Do ensure that your URS includes your quality requirements in addition to any functional and process requirements. Neglecting to define what quality is and what the desired level of quality is leaves the definition in the hands of your supplier and this may not be satisfactory to your organization. Specifying OEE alone will not suffice as OEE is a combination of performance, availability, and quality. At a minimum, DO call out your desired yield target.

Don’t ignore red flags when considering which supplier and proposal to select. The inability of a supplier to provide a compliance matrix in response to the issued URS, or to demonstrate a sustainable OEE should be probed, and if the decision is to proceed regardless then DO make sure to identify and implement mitigations. You need to move beyond selection based on the proposal scope, price, and schedule. You need to request evidence that can quantifiably demonstrate a supplier’s performance.

Do be receptive and responsive to questions from your potential suppliers regarding your URS. Strong automation suppliers should be comfortable challenging a customer’s URS based on their lessons learned in terms of what has worked and not worked when automating a process. To simply just comply to the URS is not always in the best interest of the supplier or the customer. 

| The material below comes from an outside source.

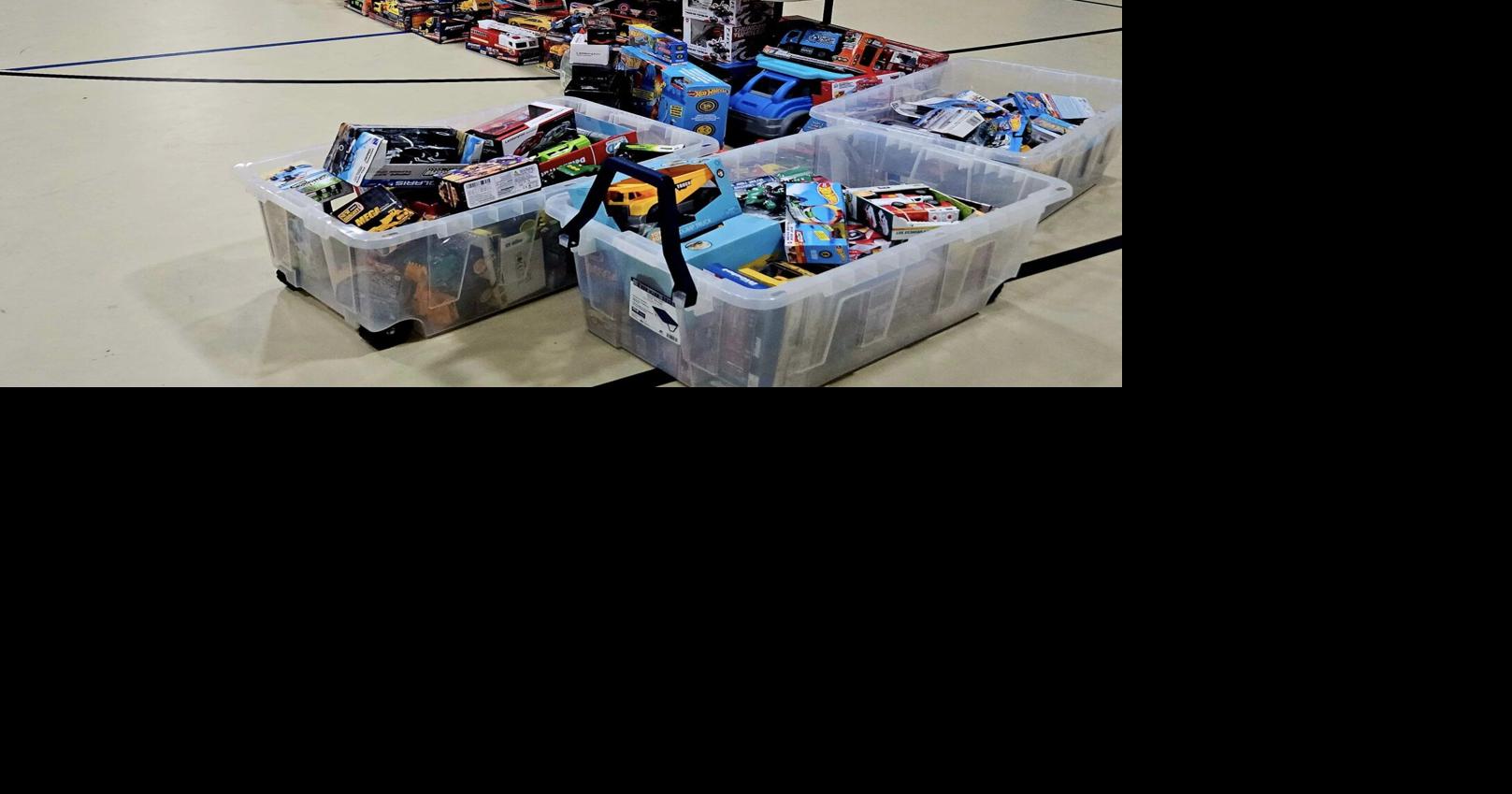 Fountain Inn PD Christmas toy drive making an impact | News ...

At the end of the day, no one enjoys surprises. The philosophies, approaches, and tools described within this article are to help mitigate those unwelcome surprises. Project risk is real and failure to achieve the long-term objectives of your automation’s performance can’t be ignored. When the automation supplier can achieve the customer’s expected performance, it’s a beautiful thing.

What comes easy, won’t last. What lasts, won’t come easy.